Jeremy Clarkson captures the joys of farming at Diddly Squat. James Rebanks, author of A Shepherd’s Life, says the Amazon series has done more for British farming than everything else put together.
Rural land is becoming the investment of choice for the mega-rich. Back in August last year, Bill Gates made headlines by buying up farmland the size of New York City in 10 years. Jeff Bezos, who owns 420,000 acres, has twice as much. Ted Turner has 2,2 million acres—and the largest privately-owned buffalo herd. Paul Tudor Jones owns a similar area in Africa. In America the 100 richest people own 1.86% of the land, or 42,1 million acres. In this country, however, 25,000 people own half of England.
An investment safer than houses
Guy Shrubsole, who works as a campaigner for the environmental charity Friends of the Earth and who wrote a book entitled Who Owns England, says it is notoriously difficult to establish who owns what in this country. But a combination of the development of digital maps and data as well as pressure from campaigners has made it possible to assemble the statistics. “A few thousand dukes, baronets and country squires own far more land than all of middle England put together.”
Prominent on the list are the Boughton estate in Northamptonshire, belonging to the Duke of Buccleuch, the Woburn estate, which is owned by the Duke of Bedford, and the Badminton estate in Gloucestershire, owned by the Duke and Duchess of Beaufort. Several large grouse moor estates and Beeswax Dyson Farming, a farm owned by pro-Brexit businessman James Dyson, are also high on the list, according to The Guardian. The Grosvenor family own 300 acres of Belgravia and Mayfair: its property company paid a £47m dividend last year, despite a pre-tax loss in 2020, its worst performance since 2008, due to Covid.
Shrubsole estimates that “a handful of newly moneyed industrialists, oligarchs and City bankers” own around 17% of England. The bulk of the population owns very little land or none at all. Those who own homes in England, in total, own only 5% of the country.”
Worth up to £10,000
Farmland values hit a four-year high in the third quarter of 2021, with limited supply and strong demand supporting the market, according to Farmers Weekly.
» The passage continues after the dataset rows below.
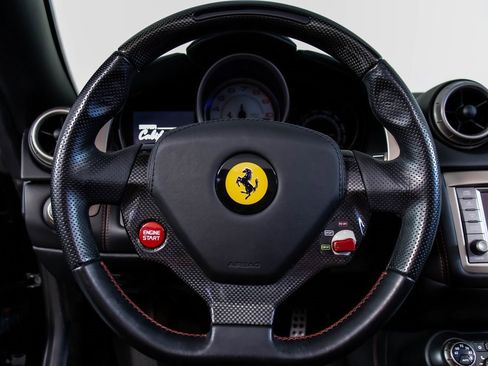 Used 2014 Ferrari California image 4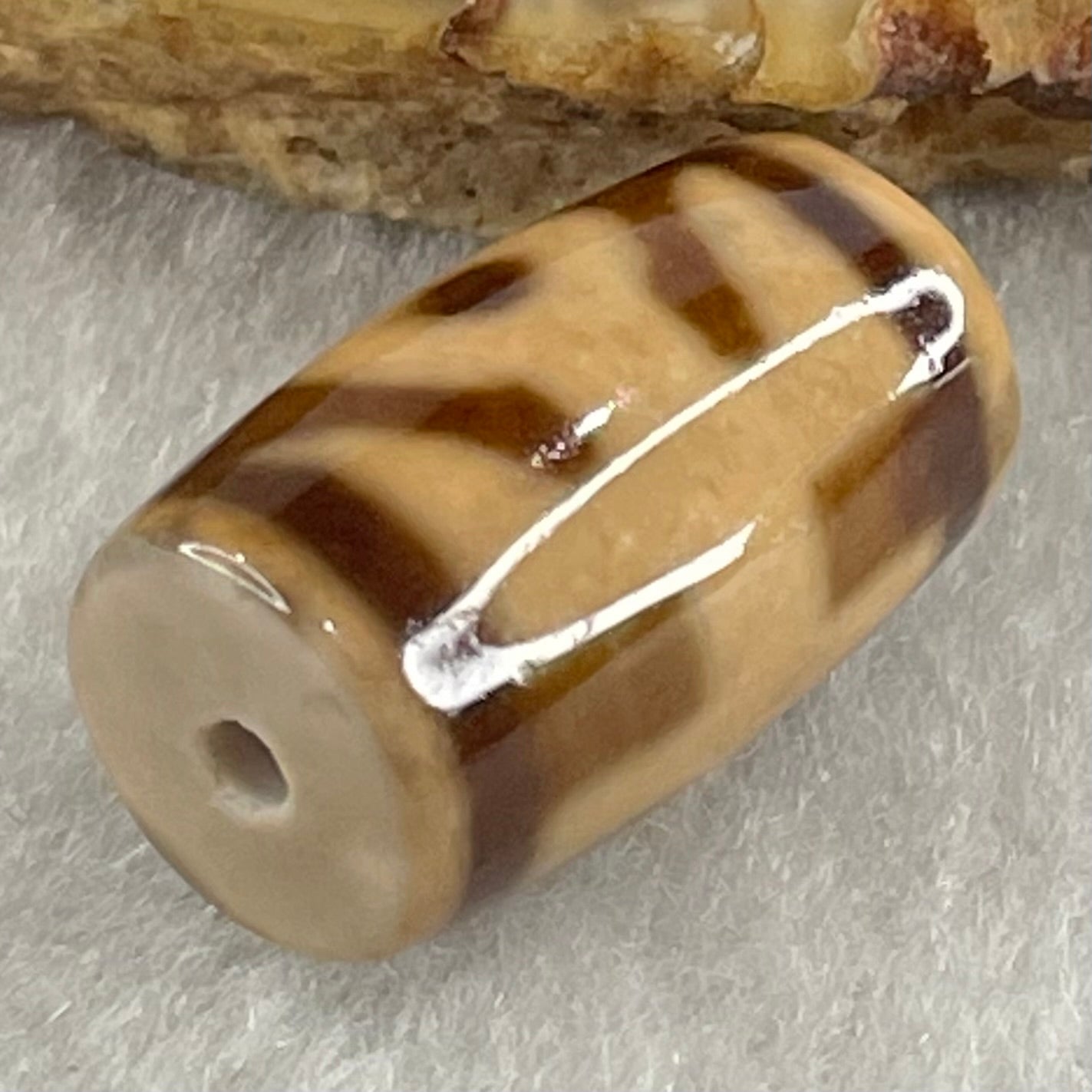 Natural Powerful Tibetan Old Oily Agate Patina Guiren Tairen Human Dzi Bead Totem Amulet Heavenly Master (Tian Zhu) 贵人天诛 4.68g 19.9 by 11.7mm - Huangs Jadeite and Jewelry Pte Ltd
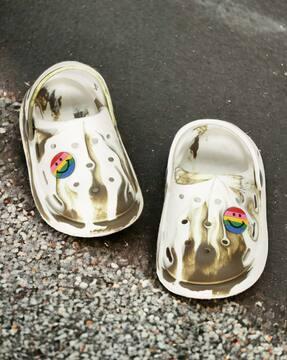 unisex printed clogs with applique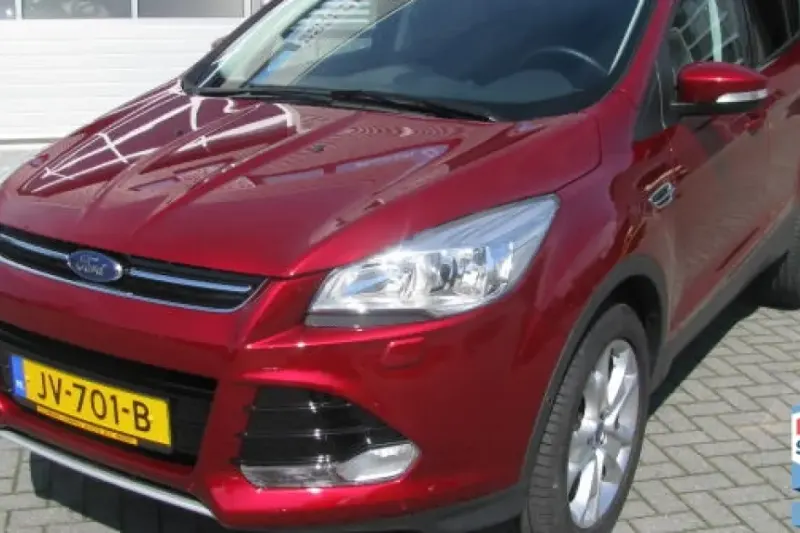 Ford Kuga (2015)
The average value of arable farmland in England rose to £9,700/acre in the third quarter of 2021, the highest quarterly average since 2018, according to Strutt & Parker’s Farmland Database. Matthew Sudlow, head of estates and farm agency, said the rise is a reflection of historically low levels of supply combined with firm demand from a range of buyers.
“A number of sales completed at more than £10,000/acre,” he said. “However, given the relatively small number of transactions, the whole year average may be a more reliable measure. This is £9,200/acre, with 60% of sales agreed at £8,000-£10,000/acre.”
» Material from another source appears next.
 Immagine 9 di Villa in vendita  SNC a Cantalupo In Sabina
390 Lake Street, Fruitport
According to the Knight Frank Farmland Index, the average value of land in England and Wales reached levels last seen at the beginning of 2017.
Increasing in value
Andrew Shirley, head of rural research, said prices for bare land rose almost 4% during July to September to £7,320/acre.
This marked a third consecutive quarter of growth and was the strongest quarterly performance since March 2014. The annual growth increased to 5%, the biggest 12-month jump since June 2015.
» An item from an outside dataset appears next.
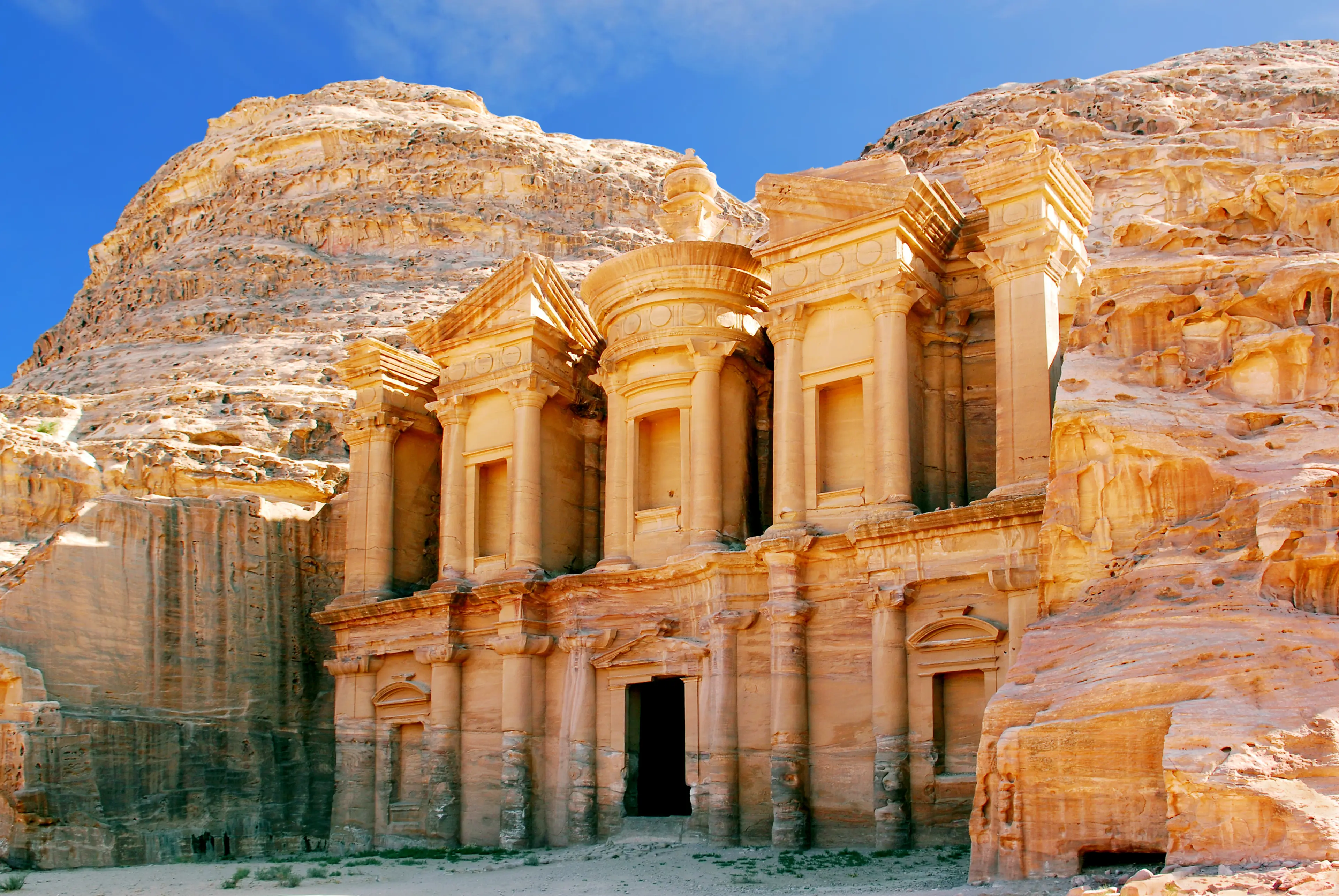 Explore Petra, Jordan: A Comprehensive 1-Day Itinerary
Supply was only marginally up on 2020, which saw the lowest number of acres launched on record, due to Covid-19 restrictions.
“Demand is increasingly being driven by three factors – rollover relief, rewilding or sustainability focused buyers and carbon investors,” said Mr Shirley.
Fewer farmers own the land
“Farmers accounted for 39% of buyers, compared with the 55% who were either lifestyle purchasers or investors.”A larger volume of land is likely to come to the market in 2022, and there remains a large pool of buyers that should pick up a significant amount before supply and demand starts to swing the other way.
In either country, land is a good investment. America is losing 2,000 acres of farmland a day. The price of land is $3,160 an acre, up from $1,329 in the mid 1990s but significantly less than in the UK. Steve Bruere, president of the People’s Company in the States, says land as an asset class is worth about $3 trillion
Safe and secure
“It is a stable investment, not correlated with the stock market,” he told CNBC. “Shares lost up to 40% at the start of Covid: with land you don’t wake up and find the value of your investment is 50c in the dollar.” Returns are around 2.5%, aside from the capital appreciation, and there are tax breaks associated with owning rural land—plus it is finite. A growing population, needing food and housing, grows its value.